Loin de nous l’idée de nous lancer dans les ronces inextricables du jeu des expertises qui ont trop fait preuve de leur capacité de nuisance. Il n’en demeure pas moins important de s’interroger sur les raisons d’une « dérive » plus que préoccupante de notre université publique. Force est de reconnaître que depuis des années, nos institutions d’enseignement supérieur vivent dans un imbroglio inquiétant. Et comme première préoccupation, surgit l’éternelle litanie qui veut que le niveau de nos étudiants soit toujours en baisse.

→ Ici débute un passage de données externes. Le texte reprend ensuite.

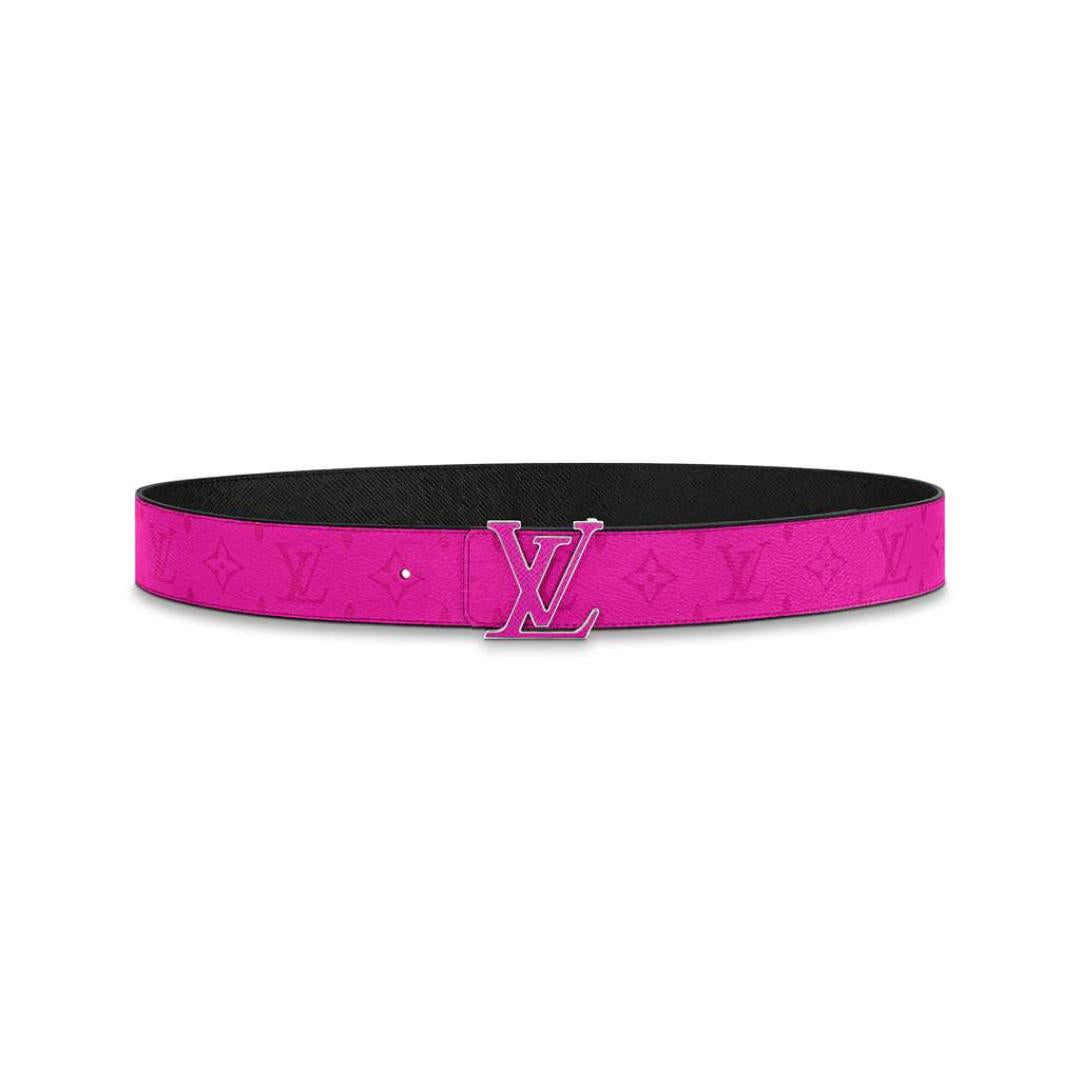 LOUIS VUITTON INITIALES 40MM REVERSIBLE BELT PINK
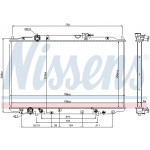 NISSENS Kühler, Motorkühlung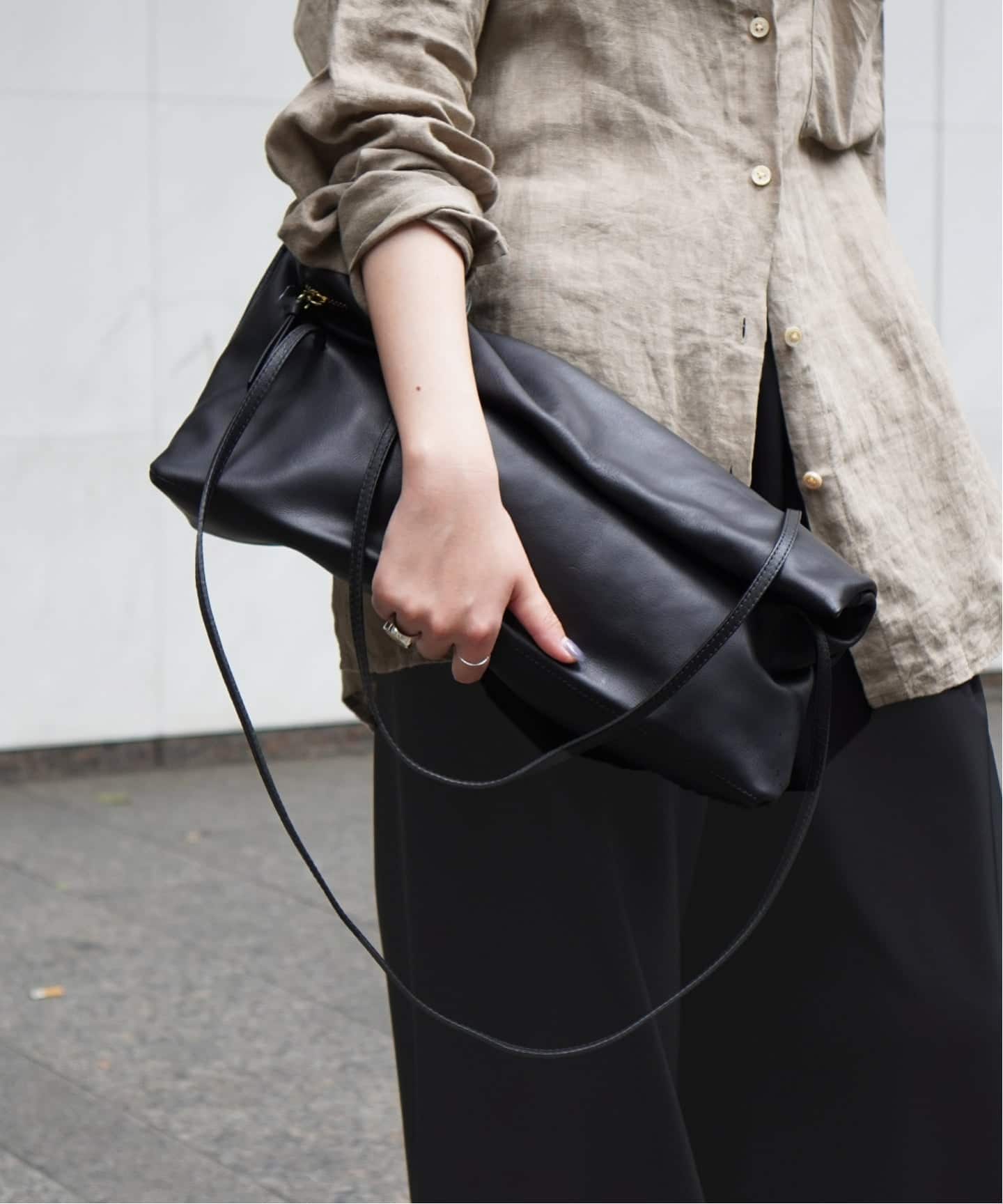 arron/ アロン】soft leather bag（ハンドバッグ）｜AP STUDIO
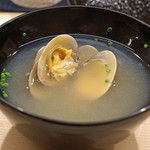 日本橋蛎殻町 すぎた - 浅蜊の味噌汁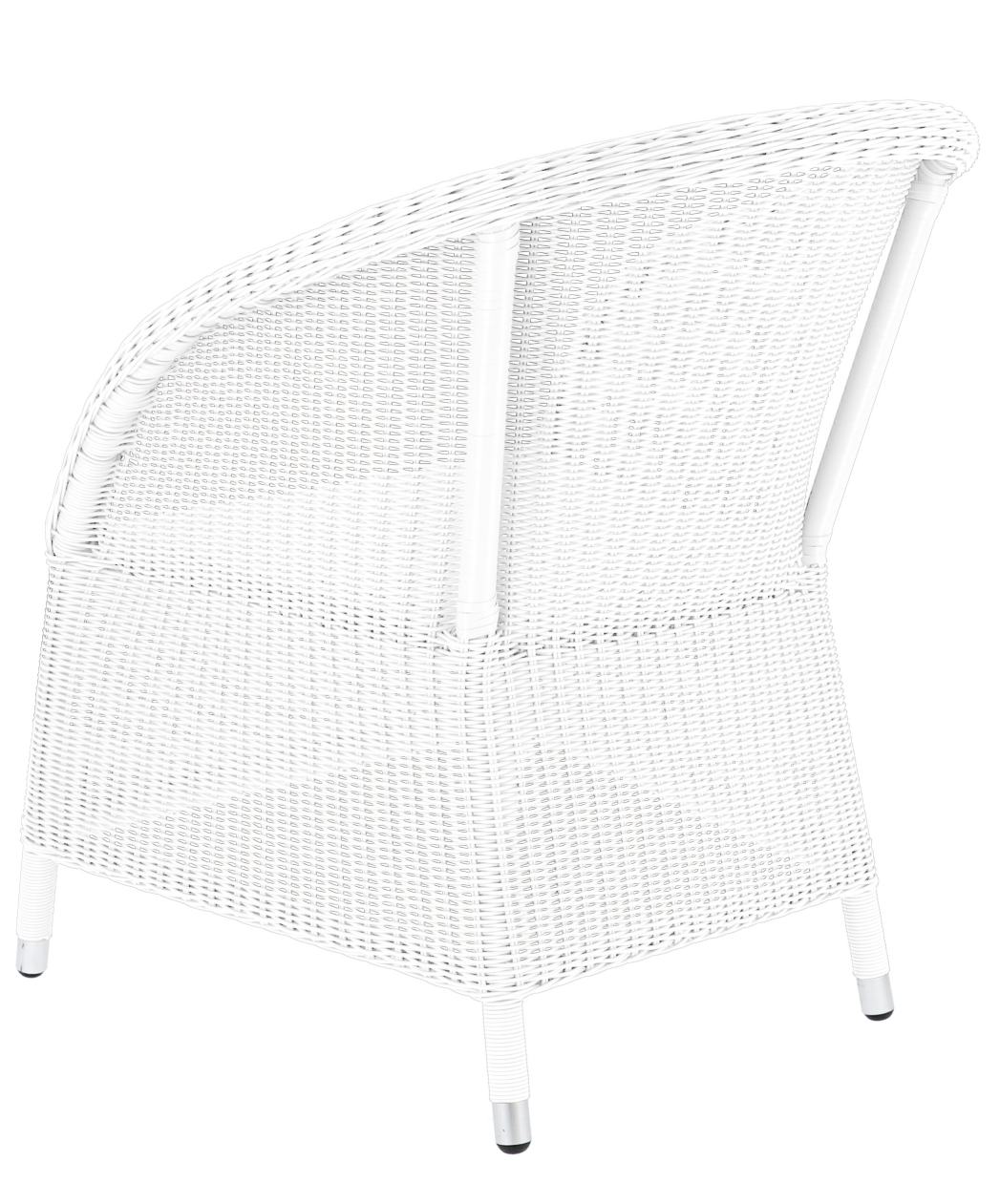 Romantic Armchair Outdoor Jan Kurtz White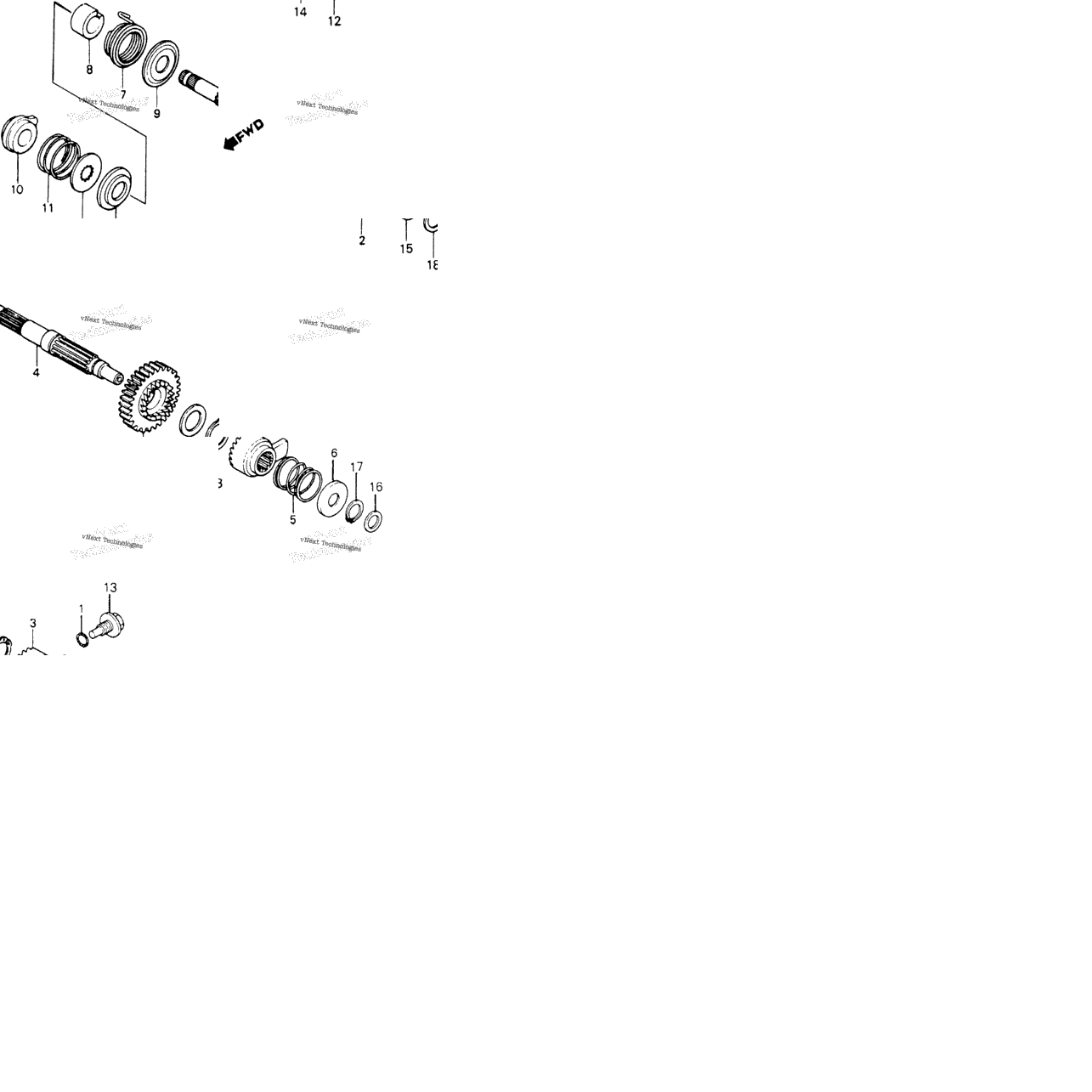 Kick Starter Spindle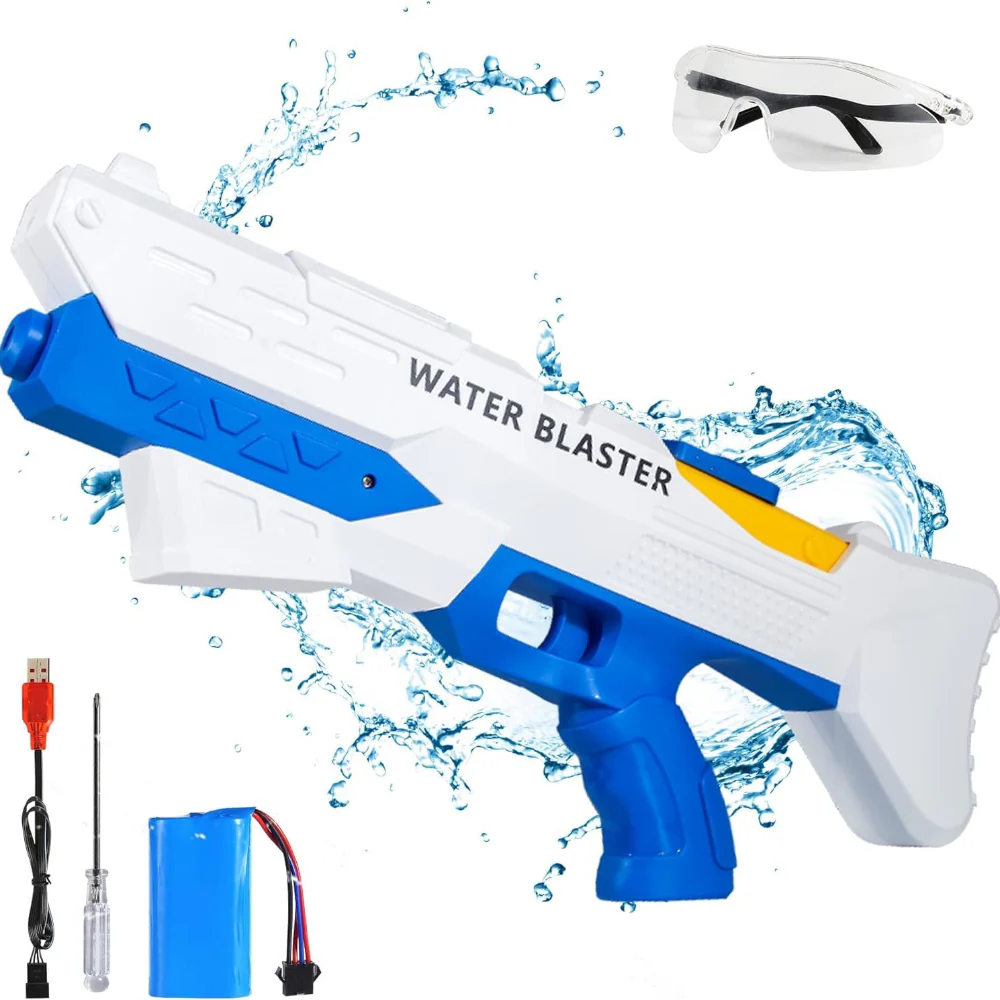 Electric Water Squirt Gun Toy – White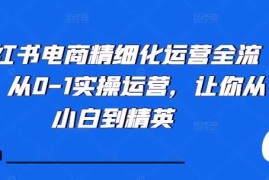 2024最新小红书电商精细化运营全流程，从0-1实操运营，让你从小白到精英10-22冒泡网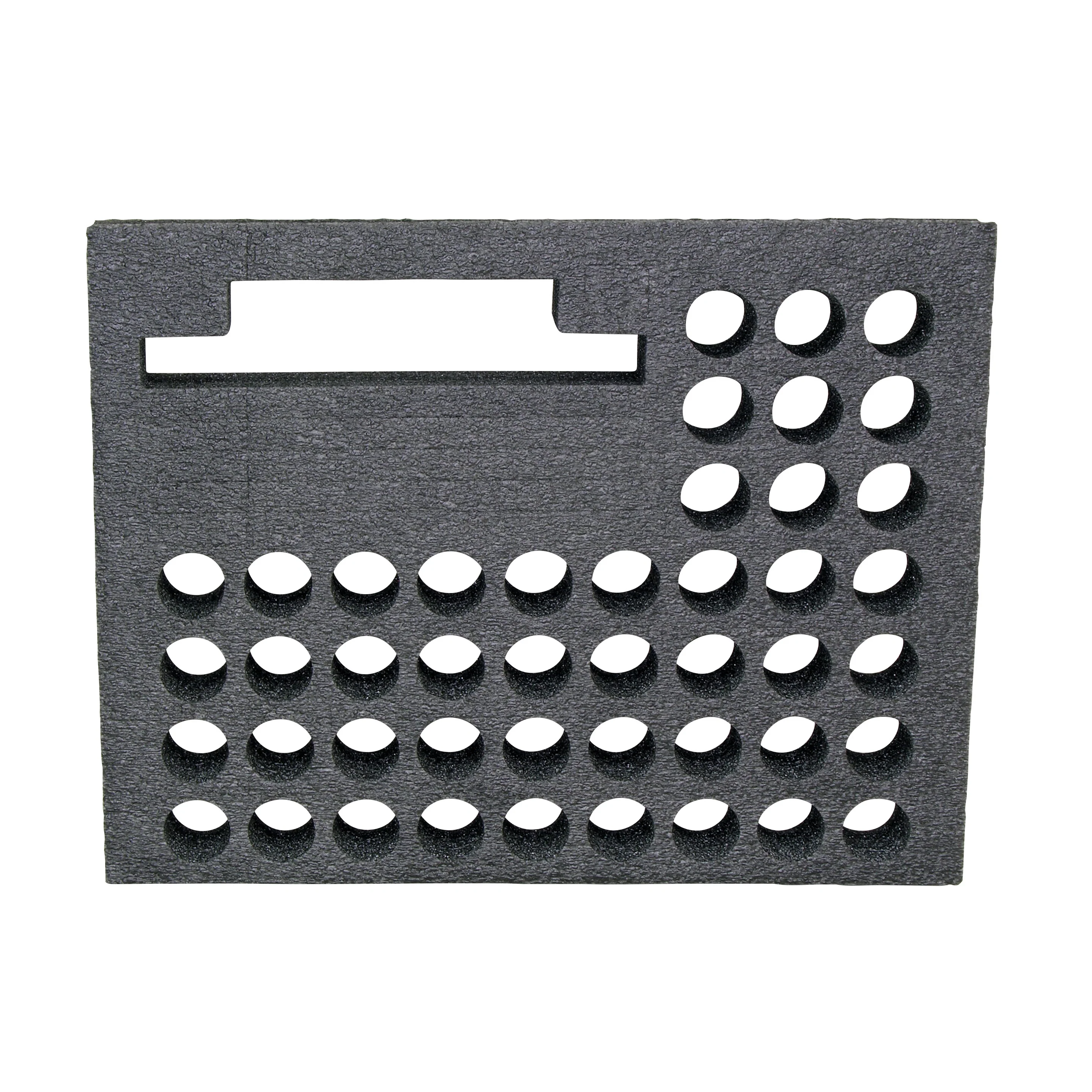 Insert (base), Deluxe Case, cut for 5 Slide comparators/45 2 oz bottles, foam (for 7007)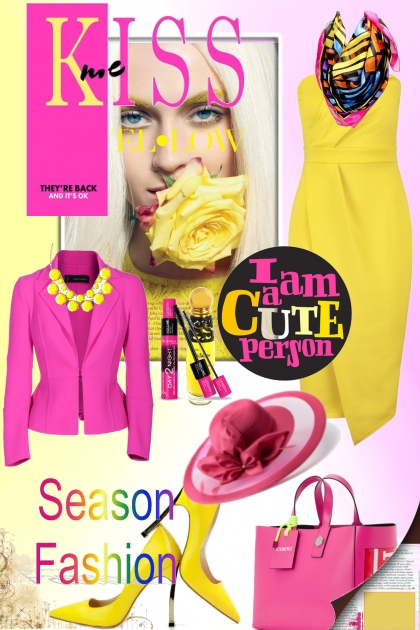 Yellow/pink- combinação de moda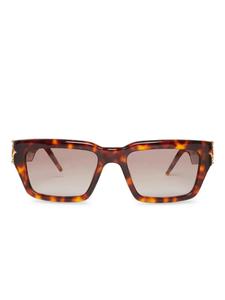Casablanca солнцезащитные очки в квадратной оправе, коричневый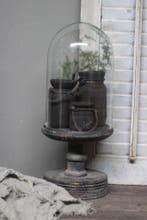 Stolp met houten voet Old grey XL, Ophalen of Verzenden, Nieuw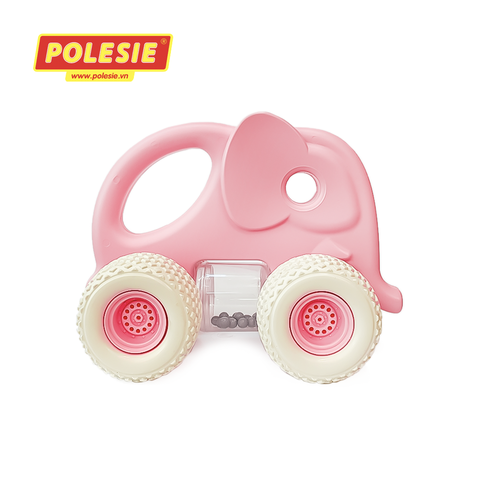 Xe voi con lục lạc Gripcar cho bé - Hồng - POLESIE Toys - Hàng Nhập Khẩu Chính Hãng Từ Châu Âu, An Toàn, Chất Lượng Cao -90256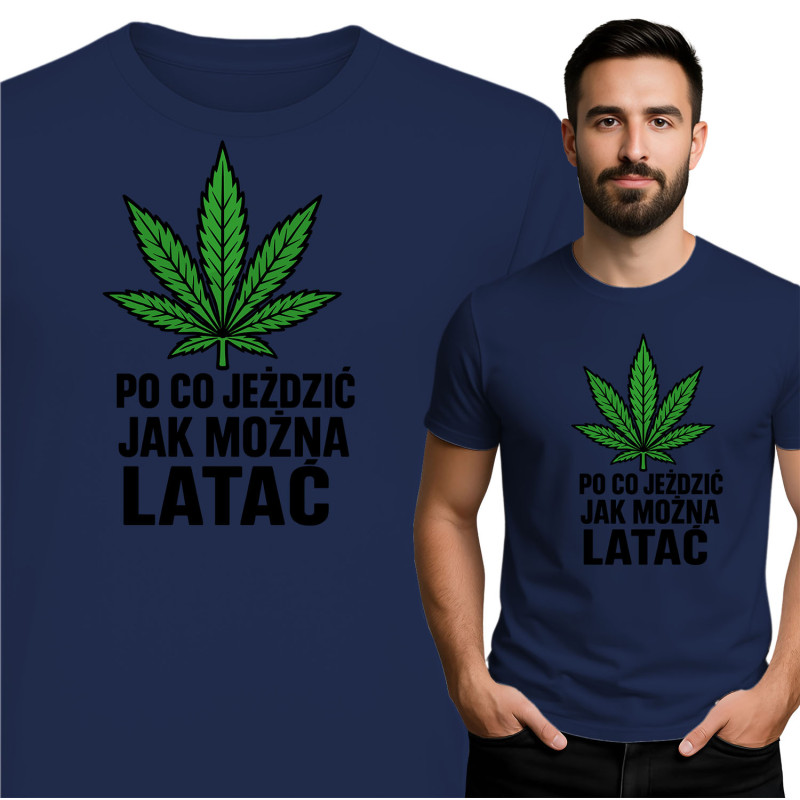 Trendy Cannabis Leaf T-Shirt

Car, bien qu’elles parviennent à former une partie sans cesse grandissante des étudiants, les diplômes qu’elles leur délivrent ont une valeur de plus en plus incertaine dans le marché de l’emploi. C’est que sur le plan de la recherche, c’est une université qui perd chaque année davantage de terrain et enregistre de plus en plus la fuite des cerveaux à l’étranger. A cela s’ajoute le désarroi croissant de la communauté universitaire face à l’incertitude croissante sur les flux et sur les motivations des étudiants, dans une option d’enseignement de masse sous un déluge de réformes au nom de l’excellence. Un autre hiatus et non des moindres : les querelles des enseignants-chercheurs qui ne pensent uniquement qu’à eux et à leur carrière et qui manquent de sens du collectif, presque toujours dans l’ignorance absolue du devenir de leurs futurs diplômés.
Finis les temps où chacun jalousait le statut de l’universitaire auquel on aimait tant accéder. Kafkaïenne ou ubuesque, on hésite sur les qualificatifs, mais cette dégradation du statut des universitaires a plongé l’institution scientifique dans une crise du savoir. Le pari sur l’Homme, en tant que moyen et finalité des diverses facettes du processus de développement intégral que connaît le pays, figure en effet parmi les fondamentaux de l’approche humaniste de nos plans de développement. Cependant, en raison des défis qui se posent à l’université et des bouleversements ayant affecté les modes d’apprentissage et les ressources de connaissances, et étant donné l’émergence du marché international du savoir, les résultats des enquêtes effectuées ont montré l’absence d’harmonie et l’inadéquation de l’enseignement supérieur tunisien avec les besoins de l’économie nationale.
Conscients de la gravité de cette situation, plusieurs investisseurs privés ont appréhendé un nouveau créneau, celui de l’enseignement supérieur privé. Car même si l’investissement privé dans l’éducation est relativement récent, son potentiel trouve ses origines dans les richesses générées par cette activité qui vont bien au-delà des activités de la recherche et de la formation. C’est dans ce contexte que s’inscrit la libéralisation du secteur en Tunisie. Et c’est la raison pour laquelle l’idée d’une université allemande a été bien accueillis et défendue.